▶ _Input data_

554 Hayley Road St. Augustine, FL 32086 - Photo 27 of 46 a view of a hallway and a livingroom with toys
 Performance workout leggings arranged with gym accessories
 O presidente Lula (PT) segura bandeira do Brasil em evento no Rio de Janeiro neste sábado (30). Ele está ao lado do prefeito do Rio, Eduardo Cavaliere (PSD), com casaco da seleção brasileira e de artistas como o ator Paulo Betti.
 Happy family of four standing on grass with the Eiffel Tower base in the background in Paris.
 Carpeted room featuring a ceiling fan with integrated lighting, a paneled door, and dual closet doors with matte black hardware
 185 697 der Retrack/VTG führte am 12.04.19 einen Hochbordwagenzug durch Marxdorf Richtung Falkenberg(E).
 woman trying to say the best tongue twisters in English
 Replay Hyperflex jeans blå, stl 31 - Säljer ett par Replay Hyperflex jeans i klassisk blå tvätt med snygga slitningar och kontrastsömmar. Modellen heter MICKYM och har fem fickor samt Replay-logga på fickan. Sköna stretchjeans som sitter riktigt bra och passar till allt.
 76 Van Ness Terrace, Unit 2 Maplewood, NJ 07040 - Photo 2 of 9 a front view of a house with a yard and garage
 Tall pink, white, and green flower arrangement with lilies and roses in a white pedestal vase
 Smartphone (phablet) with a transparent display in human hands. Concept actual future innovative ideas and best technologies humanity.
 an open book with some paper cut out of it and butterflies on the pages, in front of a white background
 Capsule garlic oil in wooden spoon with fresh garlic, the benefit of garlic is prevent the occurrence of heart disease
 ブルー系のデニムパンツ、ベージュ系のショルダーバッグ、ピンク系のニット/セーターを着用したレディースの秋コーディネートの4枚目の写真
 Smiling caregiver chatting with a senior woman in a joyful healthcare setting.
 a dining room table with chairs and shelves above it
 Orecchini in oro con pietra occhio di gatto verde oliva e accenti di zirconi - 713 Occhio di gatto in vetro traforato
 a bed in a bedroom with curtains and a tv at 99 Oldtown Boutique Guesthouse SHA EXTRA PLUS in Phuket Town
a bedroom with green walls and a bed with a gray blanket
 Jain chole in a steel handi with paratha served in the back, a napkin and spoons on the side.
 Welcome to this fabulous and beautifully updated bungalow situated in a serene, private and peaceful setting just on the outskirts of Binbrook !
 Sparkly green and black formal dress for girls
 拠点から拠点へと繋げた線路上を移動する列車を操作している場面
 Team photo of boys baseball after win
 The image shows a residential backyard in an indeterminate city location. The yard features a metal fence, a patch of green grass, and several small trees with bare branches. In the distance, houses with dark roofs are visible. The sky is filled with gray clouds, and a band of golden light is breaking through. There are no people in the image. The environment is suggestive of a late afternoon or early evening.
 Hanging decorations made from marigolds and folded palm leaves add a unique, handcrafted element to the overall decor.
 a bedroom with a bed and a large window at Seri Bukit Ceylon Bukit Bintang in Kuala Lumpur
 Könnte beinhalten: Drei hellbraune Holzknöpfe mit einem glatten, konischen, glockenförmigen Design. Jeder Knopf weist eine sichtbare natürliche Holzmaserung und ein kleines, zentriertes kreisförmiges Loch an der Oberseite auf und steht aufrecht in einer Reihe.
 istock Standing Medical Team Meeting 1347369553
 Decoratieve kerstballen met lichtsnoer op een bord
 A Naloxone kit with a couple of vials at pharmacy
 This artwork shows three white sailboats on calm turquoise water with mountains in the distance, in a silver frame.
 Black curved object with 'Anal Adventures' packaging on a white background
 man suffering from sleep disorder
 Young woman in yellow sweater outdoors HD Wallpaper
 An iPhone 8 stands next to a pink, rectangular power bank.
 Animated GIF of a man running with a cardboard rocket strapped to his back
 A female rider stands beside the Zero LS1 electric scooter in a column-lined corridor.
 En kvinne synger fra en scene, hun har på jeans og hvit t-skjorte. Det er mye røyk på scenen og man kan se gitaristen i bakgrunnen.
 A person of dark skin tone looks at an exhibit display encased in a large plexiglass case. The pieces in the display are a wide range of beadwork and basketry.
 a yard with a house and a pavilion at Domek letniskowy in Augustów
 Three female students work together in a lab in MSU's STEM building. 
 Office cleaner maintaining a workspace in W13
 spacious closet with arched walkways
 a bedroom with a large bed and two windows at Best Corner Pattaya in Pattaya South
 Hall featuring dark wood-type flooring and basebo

▶ _Requirement_
Each line of the entries that contains the word "front" should be listed.

▶ _Task output_
 76 Van Ness Terrace, Unit 2 Maplewood, NJ 07040 - Photo 2 of 9 a front view of a house with a yard and garage
 an open book with some paper cut out of it and butterflies on the pages, in front of a white background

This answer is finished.